▶ [Task requirements]: Take the listing below and write it out again exactly, skipping any picture that it holds.

▶ [Material provided]:
══════════

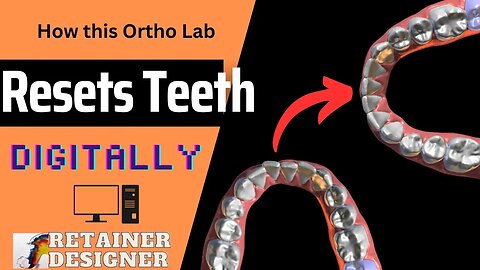 How This Orthodontic Lab Straighten Teeth: Digitally!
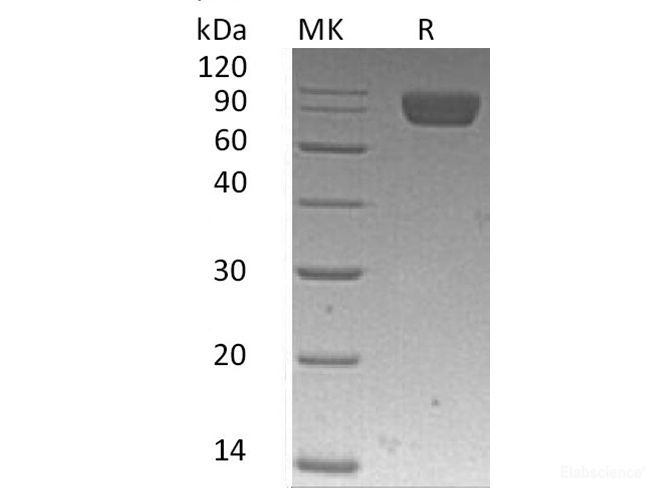 Recombinant Human PDGFRa / CD140a Protein (C-His)-Elabscience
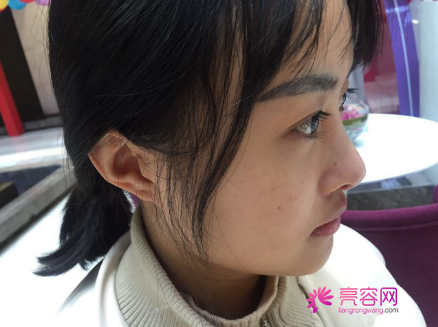 时间过得真快,说着说着5月都过了大半了,我做了埋线提升提升一个月案例分享,做一个漂亮全新的自己。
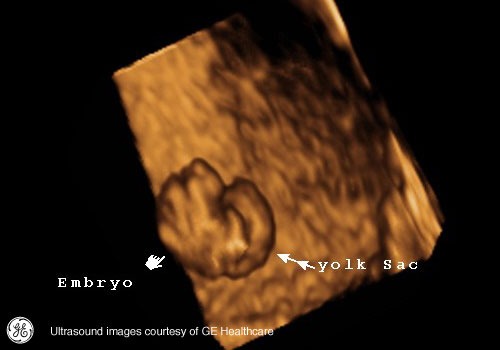 Week 6: Pregnancy Week By Week 3D Ultrasound Images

══════════

▶ [Solution for this task]:
 How This Orthodontic Lab Straighten Teeth: Digitally!
 Recombinant Human PDGFRa / CD140a Protein (C-His)-Elabscience
 时间过得真快,说着说着5月都过了大半了,我做了埋线提升提升一个月案例分享,做一个漂亮全新的自己。
 Week 6: Pregnancy Week By Week 3D Ultrasound Images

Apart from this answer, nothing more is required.